Spectrophotometric information from the DIVA satellite

K.S. de Boer, P.G. Willemsen, K. Reif, H. Poschmann, K.-H. Marien, T.A. Kaempf, M. Hilker, D.W. Evans, C.A.L. Bailer-Jones

The DIVA satellite will, in addition to the astrometry, obtain photometric data for about 40 million survey stars and spectral data for about a third of these. Relevant sections of the CCD-data stream will be transmitted to Earth to allow a photometric and a spectro\-photo\-metric analysis.
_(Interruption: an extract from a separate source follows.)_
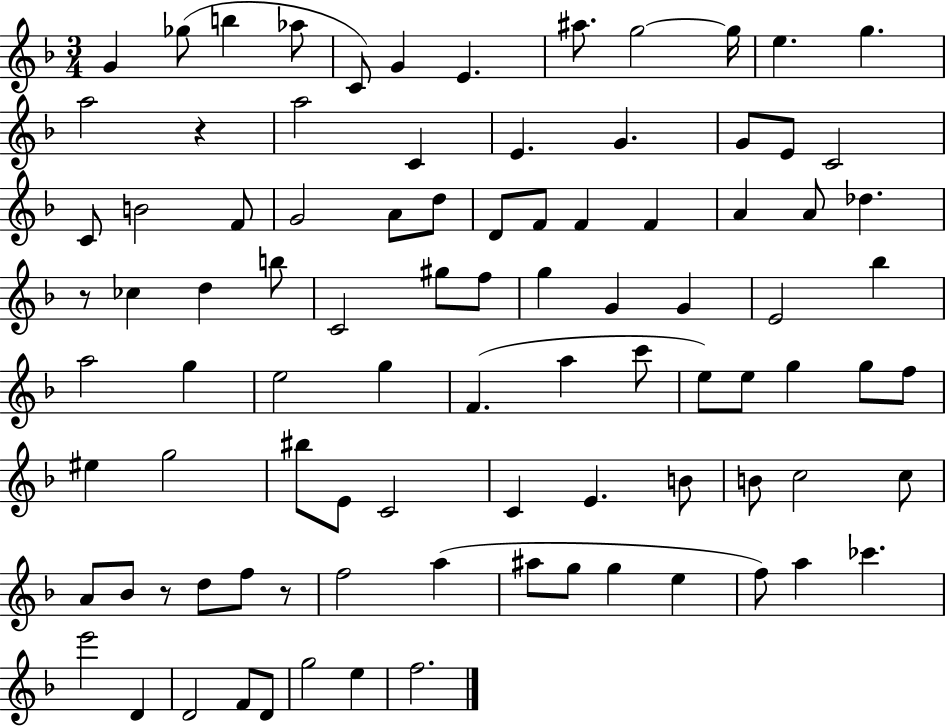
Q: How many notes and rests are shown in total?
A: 92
The DIVA photometric (SM) data can be used to derive stellar colours. Colours are in particular required for the chromaticity correction of the astrometry. The UV telescope (UV) is designed to obtain information about the Balmer jump region of the spectral energy distribution. The spectrophotometric (SC) data consists of overlapping spectral orders in the cross-scan direction. From these SC images the dispi (dispersed position-coded intensity) will be derived. The information on all stellar parameters is, of course, contained in the dispi and can be extracted without deconvolution. CCDs of the type foreseen for DIVA are in the process of being tested for their performance under the special conditions of this space mission.
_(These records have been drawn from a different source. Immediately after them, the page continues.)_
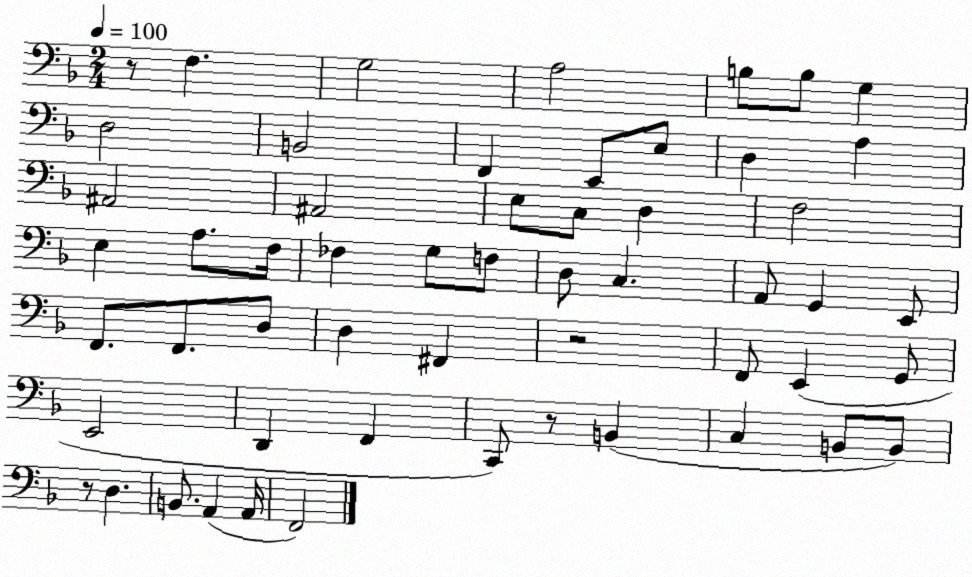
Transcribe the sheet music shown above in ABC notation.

X:1
T:Untitled
M:2/4
L:1/4
K:F
z/2 F, G,2 A,2 B,/2 B,/2 G, D,2 B,,2 F,, E,,/2 E,/2 D, A, ^A,,2 ^A,,2 E,/2 C,/2 D, F,2 E, A,/2 F,/4 _F, G,/2 F,/2 D,/2 C, A,,/2 G,, E,,/2 F,,/2 F,,/2 D,/2 D, ^F,, z2 F,,/2 E,, G,,/2 E,,2 D,, F,, C,,/2 z/2 B,, C, B,,/2 B,,/2 z/2 D, B,,/2 A,, A,,/4 F,,2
Methods are being tested, like artificial neural networks (ANNs) and others, to derive the astrophysical parameters Teff, log g, [M/H], and E(B-V) from the dispi. We find that even with the relatively modest spectral resolution of the dispi the ANN can discriminate well in temperature, moderately well in gravity and extinction, and crudely in metallicity, all clearly dependent on the brightness of the star. Degeneracy in the temperature and extinction determination can be lifted especially using Balmer jump information from the DIVA UV telescope.